A church rises or falls on leadership. Movers—not simply managers—lead a church to impact the community. What is the difference? The following examples show the contrast between the two:
Managers try to organize the church in a way that pleases the select few in an attempt to have a church that attracts everybody.
Movers decide where the church is going and endorses whatever fits into that that vision, keeping the main thing the main thing.
Managers focus on what the church is doing.
Movers focus on where the church is going.
Managers form a six to 12-month plan, which they can accomplish.
Movers focus on one to three-year goals which they can supervise.
Managers tend to ask, “What?”
Movers tend to ask, “Why?”
Managers tend to say, “This is why we can’t do it.”
Movers tend to say, “Let’s make it happen.”
Managers are satisfied with the status quo.

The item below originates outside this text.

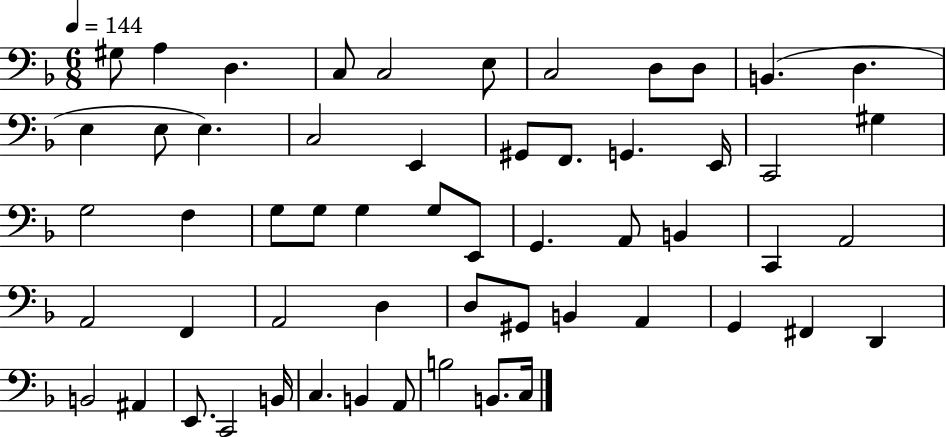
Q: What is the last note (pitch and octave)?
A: C3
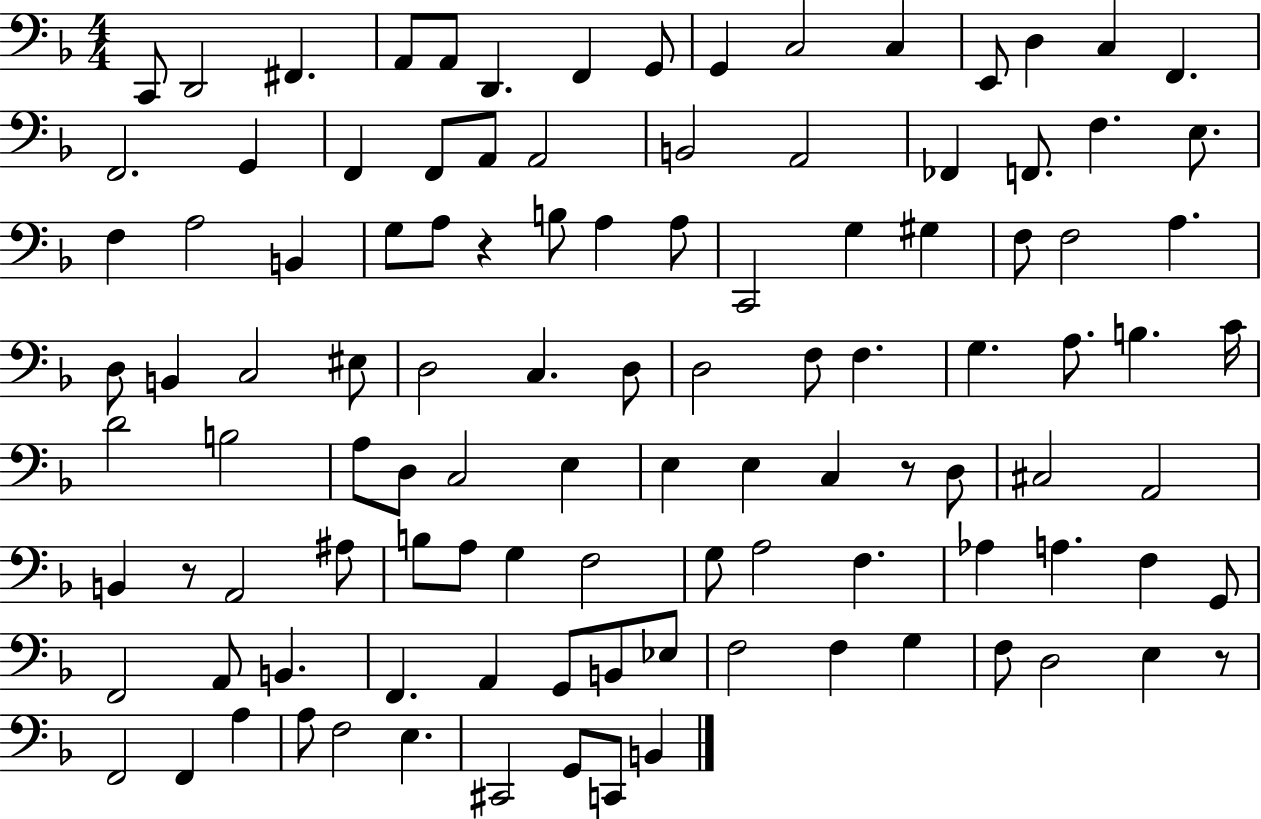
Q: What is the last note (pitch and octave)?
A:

Movers are never satisfied.
Managers are content with the church that grows through transfer because high attendance is their goal. Movers insist on a church that grows through conversion because increasing His kingdom is more important than increasing theirs.

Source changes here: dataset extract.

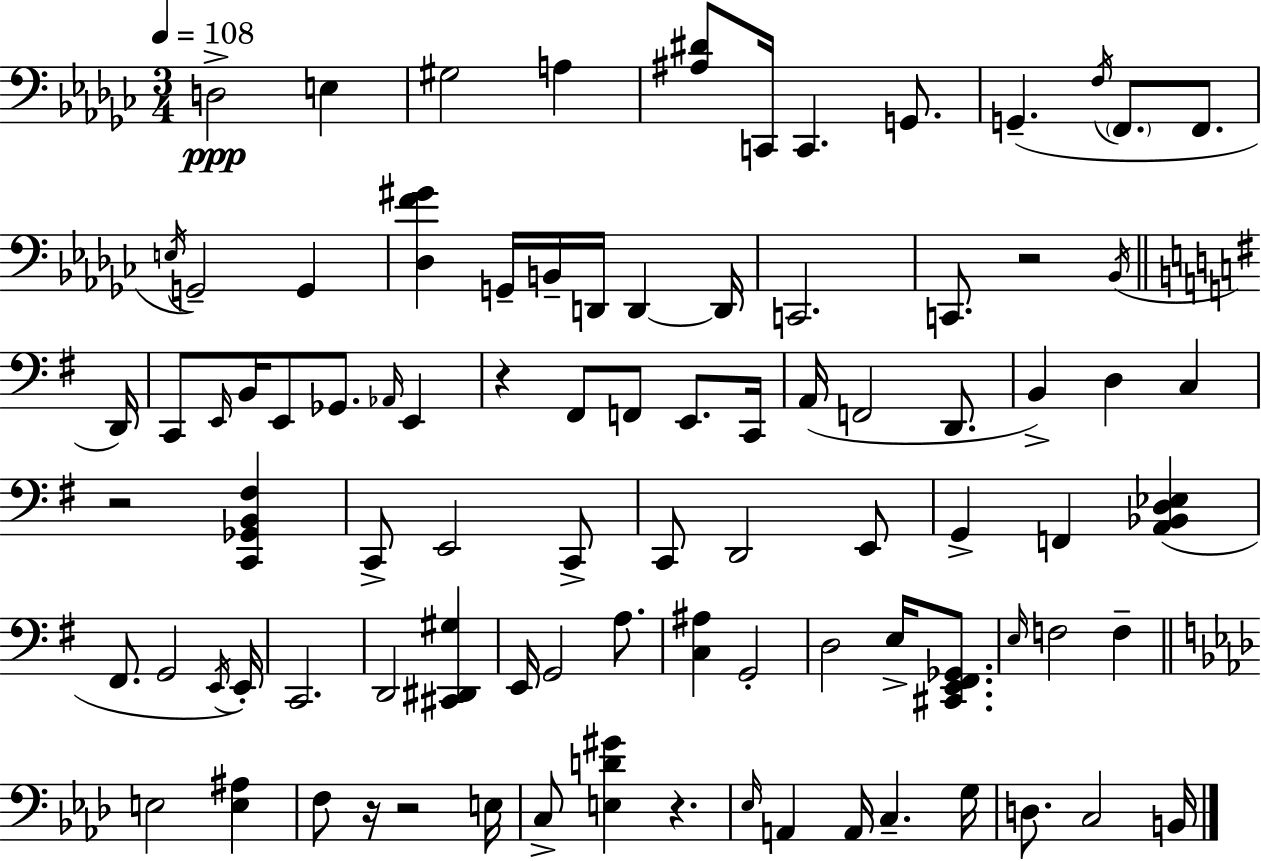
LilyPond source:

Managers insist on controlling plans and programs themselves.
Movers are more comfortable with leading others who are in control.
Managers relish the routine.
Movers like to create situations with new ideas.
Managers are noted for their calmness.
Movers are noted for their excitement.
Managers try to have all the answers and usually hire those with lesser ability.
Movers surround themselves with people who they deem more capable than they are.
Managers work at staying within their comfort zones.
Movers push themselves outside of their comfort zones.
When these are examined carefully, one discovers what is needed in leadership if a church is to not merely exist within the community but instead impact the community.